# [DIRECTIONS]
The required result is a copy of each line below in which "from" appears.

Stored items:
- - - - -
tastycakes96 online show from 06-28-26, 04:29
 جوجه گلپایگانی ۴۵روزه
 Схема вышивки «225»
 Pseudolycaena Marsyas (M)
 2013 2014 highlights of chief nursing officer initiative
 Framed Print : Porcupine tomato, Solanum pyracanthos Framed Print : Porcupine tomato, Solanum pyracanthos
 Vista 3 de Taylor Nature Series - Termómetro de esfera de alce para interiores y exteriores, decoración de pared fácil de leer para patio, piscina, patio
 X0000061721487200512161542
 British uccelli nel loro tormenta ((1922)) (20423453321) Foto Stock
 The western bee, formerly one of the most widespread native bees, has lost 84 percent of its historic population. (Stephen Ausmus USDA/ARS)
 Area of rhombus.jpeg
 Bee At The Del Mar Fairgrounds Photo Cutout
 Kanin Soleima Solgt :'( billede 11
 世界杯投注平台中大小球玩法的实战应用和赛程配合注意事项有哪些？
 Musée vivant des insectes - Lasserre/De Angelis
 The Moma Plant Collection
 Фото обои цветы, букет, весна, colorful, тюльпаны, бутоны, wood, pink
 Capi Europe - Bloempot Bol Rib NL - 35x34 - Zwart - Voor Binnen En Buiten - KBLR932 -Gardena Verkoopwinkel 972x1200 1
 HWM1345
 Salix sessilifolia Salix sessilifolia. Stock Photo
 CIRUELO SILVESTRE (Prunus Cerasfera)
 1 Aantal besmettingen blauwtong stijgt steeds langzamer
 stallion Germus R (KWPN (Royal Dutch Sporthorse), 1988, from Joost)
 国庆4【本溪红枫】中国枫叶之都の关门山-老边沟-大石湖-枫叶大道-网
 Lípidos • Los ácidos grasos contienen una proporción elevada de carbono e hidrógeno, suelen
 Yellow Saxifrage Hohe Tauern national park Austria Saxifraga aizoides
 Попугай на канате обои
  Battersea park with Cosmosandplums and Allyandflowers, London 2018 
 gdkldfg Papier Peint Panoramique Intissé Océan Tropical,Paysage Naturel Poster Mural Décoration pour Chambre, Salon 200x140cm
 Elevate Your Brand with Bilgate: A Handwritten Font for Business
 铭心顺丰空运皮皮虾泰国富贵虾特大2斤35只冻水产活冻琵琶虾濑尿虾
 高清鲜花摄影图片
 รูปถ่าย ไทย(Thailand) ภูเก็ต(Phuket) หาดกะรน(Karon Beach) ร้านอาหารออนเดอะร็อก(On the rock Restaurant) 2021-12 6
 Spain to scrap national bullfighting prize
- - - - -
# [FINISHED TASK]
tastycakes96 online show from 06-28-26, 04:29
 stallion Germus R (KWPN (Royal Dutch Sporthorse), 1988, from Joost)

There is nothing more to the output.